Ну и все бросились кто куда. Крики. Шум. Говорят, что тридцать человек тогда погибли, а я до сих пор думаю, что больше. Из нашего цеха только шесть на следующий день на работу не вышли — и где их закопали, только сейчас стало известно.
— Вы хотите сказать, что на следующий день вы вышли на работу?
— Вышли. И не смотрите на меня так! Были рабами, рабами и оставались. Видимо, тот, кто эту кашу заварил в семнадцатом, знал, что страх с людьми делает!

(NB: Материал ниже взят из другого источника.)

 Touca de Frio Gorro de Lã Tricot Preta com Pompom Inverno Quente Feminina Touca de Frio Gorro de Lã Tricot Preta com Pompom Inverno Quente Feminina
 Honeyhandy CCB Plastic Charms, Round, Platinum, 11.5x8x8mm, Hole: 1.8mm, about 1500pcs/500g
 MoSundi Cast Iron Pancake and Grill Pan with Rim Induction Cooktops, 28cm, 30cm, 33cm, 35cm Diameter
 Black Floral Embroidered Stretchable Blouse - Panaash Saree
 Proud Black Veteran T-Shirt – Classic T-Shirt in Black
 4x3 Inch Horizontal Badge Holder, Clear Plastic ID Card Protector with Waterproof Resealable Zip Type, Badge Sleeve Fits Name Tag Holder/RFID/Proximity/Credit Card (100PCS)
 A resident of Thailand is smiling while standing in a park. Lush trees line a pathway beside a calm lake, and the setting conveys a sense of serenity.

На следующий день все изменилось. Ведь объявили всех, кто принимал участие в демонстрации, бандитами, мятежниками, теми, кто хотел свергнуть советскую власть. И все, представьте себе, все, кто в первых рядах шел, кто «Интернационал» пел, признали себя виновными. Ведь застыдились. Сами себя застыдились — того проблеска в голове.

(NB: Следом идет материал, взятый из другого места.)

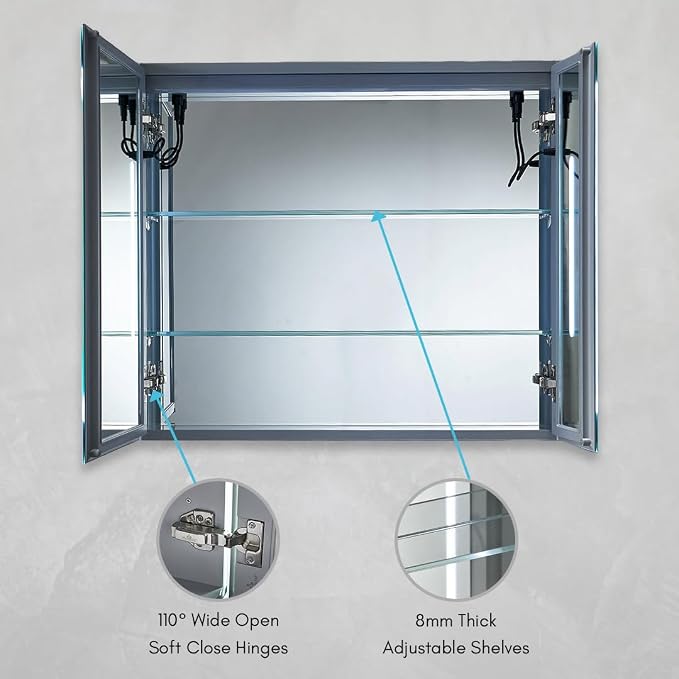 Blossom LED Medicine Cabinet Mirror for Bathroom 30x26, Lighted Medicine Cabinet with Mirror, Recessed/Surface Mount, Anti-Fog, Adjustable Brightness, Makeup, Wall Mounted Storage Cabinet
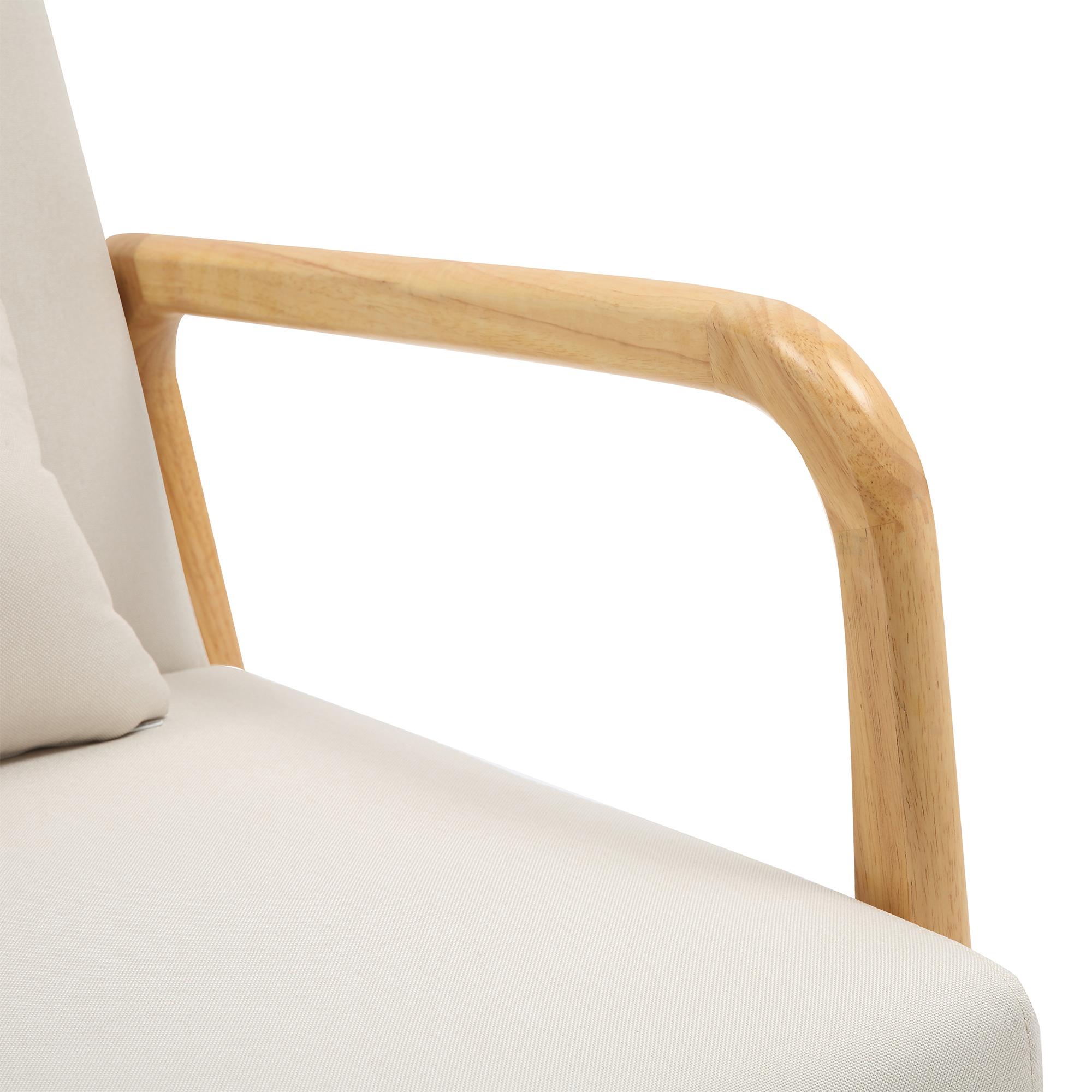 Sillón Hibbing con tapizado de tela Crema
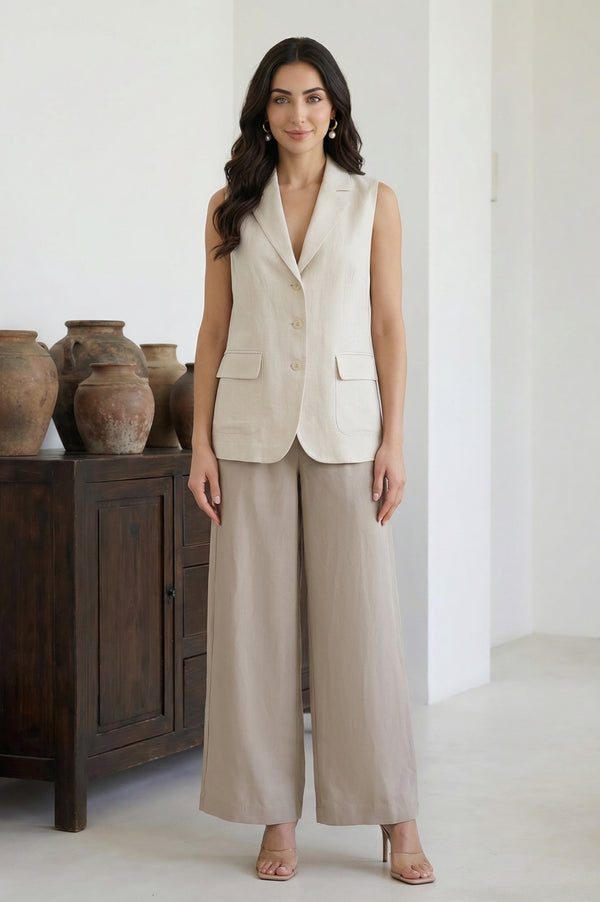 Elleven Women's Beige Yarn Dyed Solid Rayon Wide Leg Palazzo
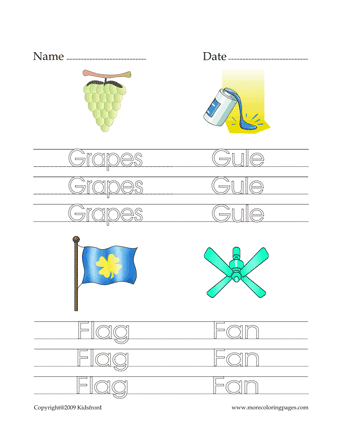 Letter G Words Worksheet Sheet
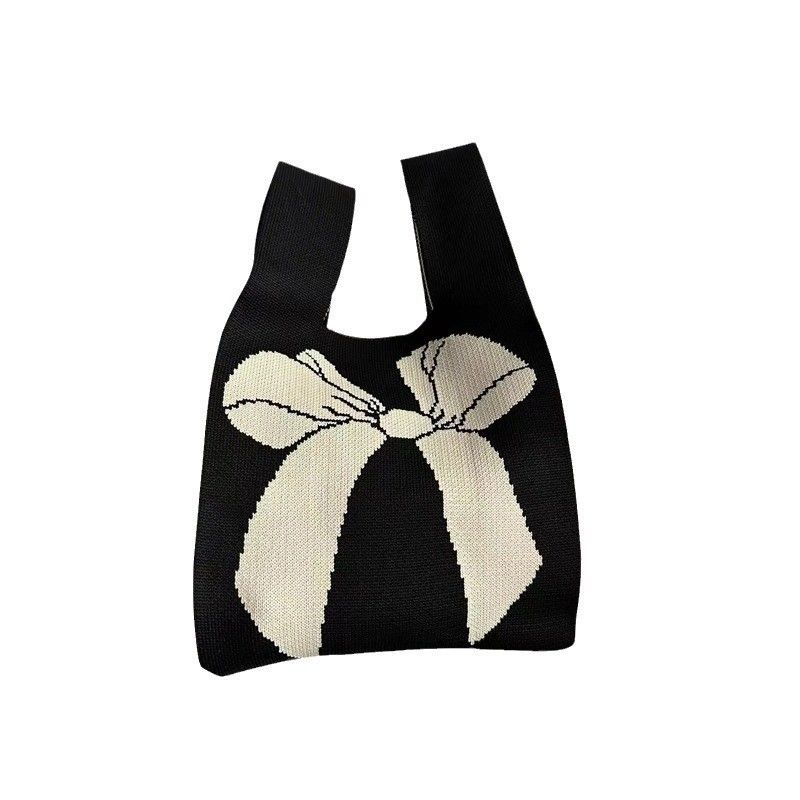 Customized Tote Bag Design Knitted Organic Cotton Fabric with Eco-Friendly Bow Knot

Каялись. Мол, не ведали, что творили, товарищи-граждане-господа судьи! А те, кто по домам разбежались, кому повезло не засветиться, — все на работу вышли. И знаете что? Перевыполнили план в тот день на сто пятьдесят процентов! Да еще и хотели в воскресенье отработать за счет тех потерянных рабочих дней.

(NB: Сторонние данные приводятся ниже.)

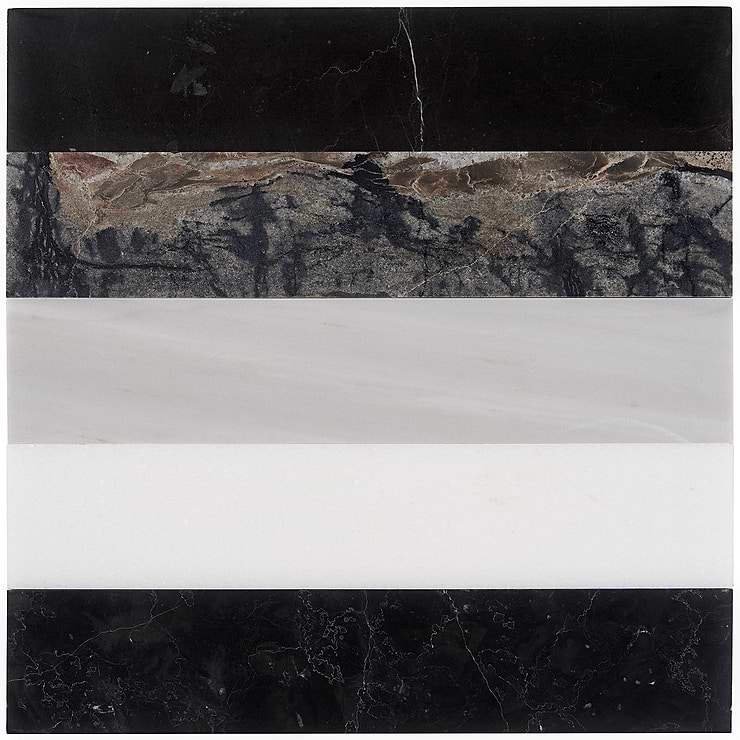 Arc Linear Night 12x12 Polished Marble by Elizabeth Sutton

Вот что мне до сих пор жжет: отреклись быстро. От того, что говорили, о чем думали, от родственников и друзей убитых, которых боялись разыскивать. А когда на суде объявляли приговор — семерых к смертной казни, другим по десять-пятнадцать лет лагерей, — зал аплодировал. Я там был. И тоже аплодировал. Радовался, что выжил и чистеньким понятно почему остался…
Нас потом еще секретарь ЦК и комсорг собирали на собрание для разъяснений.
«Разве не надо было в бандитов, врагов советской власти стрелять?!» — спрашивают.
А мы все как завороженные: «Надо! Надо!!»
— Вы и сейчас так думаете?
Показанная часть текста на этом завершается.